Rock Paper Scissors – Marriage has never been so disturbing…or so compelling
My husband doesn’t recognize my face.
I feel him staring at me as I drive, and wonder what he sees. Nobody else looks familiar to him either, but it is still strange to think that the man I married wouldn’t be able to pick me out in a police lineup.
I know the expression his face is wearing without having to look. It’s the sulky, petulant, “I told you so” version, so I concentrate on the road instead. I need to. The snow is falling faster now, it’s like driving in a whiteout, and the windscreen wipers on my Morris Minor Traveller are struggling to cope. The car – like me – was made in 1978. If you look after things, they will last a lifetime, but I suspect my husband might like to trade us both in for a younger model. Adam has checked his seat belt a hundred times since we left home, and his hands are balled into conjoined fists on his lap. The journey from London up to Scotland should have taken no more than eight hours, but I daren’t drive any faster in this storm. Even though it’s starting to get dark, and it seems we might be lost in more ways than one.

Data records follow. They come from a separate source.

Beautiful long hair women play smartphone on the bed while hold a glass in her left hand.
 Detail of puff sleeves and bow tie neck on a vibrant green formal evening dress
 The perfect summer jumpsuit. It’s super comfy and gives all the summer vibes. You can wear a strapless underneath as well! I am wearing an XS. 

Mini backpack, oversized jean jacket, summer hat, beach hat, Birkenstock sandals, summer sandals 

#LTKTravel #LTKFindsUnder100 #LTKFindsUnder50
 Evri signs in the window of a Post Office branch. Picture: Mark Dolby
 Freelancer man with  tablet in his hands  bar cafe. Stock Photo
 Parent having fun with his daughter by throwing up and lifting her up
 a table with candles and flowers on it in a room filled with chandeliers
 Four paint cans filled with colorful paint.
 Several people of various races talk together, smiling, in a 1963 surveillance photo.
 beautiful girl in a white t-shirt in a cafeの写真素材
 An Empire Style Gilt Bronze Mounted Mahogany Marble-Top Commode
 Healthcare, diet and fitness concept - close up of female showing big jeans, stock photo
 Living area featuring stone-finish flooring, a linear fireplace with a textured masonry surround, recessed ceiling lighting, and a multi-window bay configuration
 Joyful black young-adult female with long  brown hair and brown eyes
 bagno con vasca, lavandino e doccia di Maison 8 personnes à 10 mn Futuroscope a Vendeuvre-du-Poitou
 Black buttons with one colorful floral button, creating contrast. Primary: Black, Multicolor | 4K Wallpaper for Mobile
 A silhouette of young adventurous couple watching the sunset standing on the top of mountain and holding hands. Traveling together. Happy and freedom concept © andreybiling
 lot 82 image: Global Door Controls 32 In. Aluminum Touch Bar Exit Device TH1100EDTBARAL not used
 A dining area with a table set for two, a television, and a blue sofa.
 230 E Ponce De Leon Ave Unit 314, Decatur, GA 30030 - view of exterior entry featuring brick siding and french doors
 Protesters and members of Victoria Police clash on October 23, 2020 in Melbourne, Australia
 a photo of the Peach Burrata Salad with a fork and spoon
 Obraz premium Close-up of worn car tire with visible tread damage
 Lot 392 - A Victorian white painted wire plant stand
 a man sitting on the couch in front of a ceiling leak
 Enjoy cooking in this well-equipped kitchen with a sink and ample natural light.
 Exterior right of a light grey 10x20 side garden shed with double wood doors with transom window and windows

Can a weekend away save a marriage? That’s what my husband said when the counselor suggested it. Every time his words replay in my mind, a new list of regrets writes itself inside my head. To have wasted so much of our lives by not really living them, makes me feel so sad. We weren’t always the people we are now, but our memories of the past can make liars of us all. That’s why I’m focusing on the future. Mine. Some days I still picture him in it, but there are moments when I imagine what it would be like to be on my own again. It isn’t what I want, but I do wonder whether it might be best for both of us. Time can change relationships like the sea reshapes the sand.
He said we should postpone this trip when we saw the weather warnings, but I couldn’t. We both know this weekend away is a last chance to fix things. Or at least to try. He hasn’t forgotten that.
It’s not my husband’s fault that he forgets who I am.
Adam has a neurological glitch called prosopagnosia, which means he cannot see distinguishing features on faces, including his own. He has walked past me on the street on more than one occasion, as though I were a stranger. The social anxiety it inevitably causes affects us both. Adam can be surrounded by friends at a party and still feel like he doesn’t know a single person in the room. So we spend a lot of time alone. Together but apart. Just us. Face blindness isn’t the only way my husband makes me feel invisible. He did not want children—always said that he couldn’t bear the thought of not recognizing their faces. He has lived with the condition his whole life, and I have lived with it since we met. Sometimes a curse can be a blessing.
My husband might not know my face, but there are other ways he has learned to recognize me: the smell of my perfume, the sound of my voice, the feel of my hand in his when he still used to hold it.
Marriages don’t fail, people do. I am not the woman he fell in love with all those years ago. I wonder whether he can tell how much older I look now? Or if he notices the infiltration of gray in my long blond hair? Forty might be the new thirty, but my skin is creased with wrinkles that were rarely caused by laughter. We used to have so much in common, sharing our secrets and dreams, not just a bed. We still finish each other’s sentences, but these days we get them wrong.
“I feel like we’re going in circles,” he mutters beneath his breath, and for a moment I’m not sure whether he’s referring to our marriage or my navigational skills. The ominous-looking slate sky seems to reflect his mood, and it’s the first time he’s spoken for several miles. Snow has settled on the road ahead, and the wind is picking up, but it’s still nothing compared with the storm brewing inside the car.